Rôtisserie Georgette Restaurant Review

: The architecture of the building in which Rôtisserie Georgette is housed sets the tone of the meal to come: elegant. The door of the restaurant complements it: casual. And that is exactly the way founder-owner Georgette Farkas wants it. A New York native, she started her culinary career at 16, then went on to a hospitality school in Switzerland, followed by extensive stages in France. Back in New York, Farkas was Daniel Boulud’s in-house marketing and PR person for many years. Now that she is flying on her own, she deliberately chose a simple concept after all the years of haute gastronomy: a rôtisserie.
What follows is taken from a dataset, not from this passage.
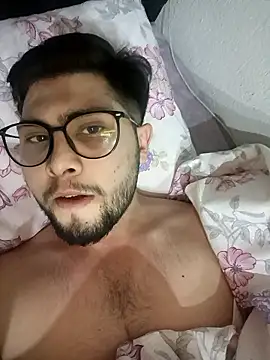 Snapshot of Mstfaavan64 chatting on January 15, 2026, 9:07 pm Mstfaavan64 online show from January 15, 2026, 9:07 pm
The ladies who lunch and the men who dine in sport coats sit on caramel-colored leather banquettes in a high-ceilinged room bedecked with Portuguese tiles and antique mirrors, preceded by a bar where the beautiful wood floor is worth a glance. We like the story of these azulejos (tiles): her father bought them in Portugal in the 60s and they had been in storage until Georgette told her mother she was going to buy Portuguese tiles for her restaurant. She got lucky, as Mr. Farkas had purchased tiles with butchery scenes and not ones with fishery or gardens. The kitchen is run by executive chef Chad Brauze, former sous chef at Daniel, who you can see operating the actual rôtisserie in the open kitchen, nicely decorated with modern royal blue tiles on the walls. You may start with the “Salade G” composed of mesclun, frisée, Asian pear, walnuts, lardons and blue cheese. But we highly recommend the “Farro Printanière,” a farro, squash, mushrooms, arugula, tomato, pine nuts and Parmesan salad served warm --- it’s a great dish for vegetarians as it can be sized as a main course. Charcuterie is “maison,” meaning house-made, and encompasses duck rillettes, wild boar pâté or foie gras terrine. From the rôtisserie, expect, of course, roasted chicken (half or a whole bird for two), baby-back ribs, guinea hen or an orange-cranberry-glazed duck. And if you order 72-hours ahead for a group of six to eight gourmands, you can have suckling pig, rabbit or a leg of lamb. In the side dishes category the “Rôtisserie Potatoes” are a must. Finish with the rich chocolate soufflé and its vanilla ice cream or the refreshing grapefruit sabayon. The wine list, while pricey, is a good one and heavy on Gallic varieties. Service is professional, and we like the blue shirts and brown leather aprons worn by the staff.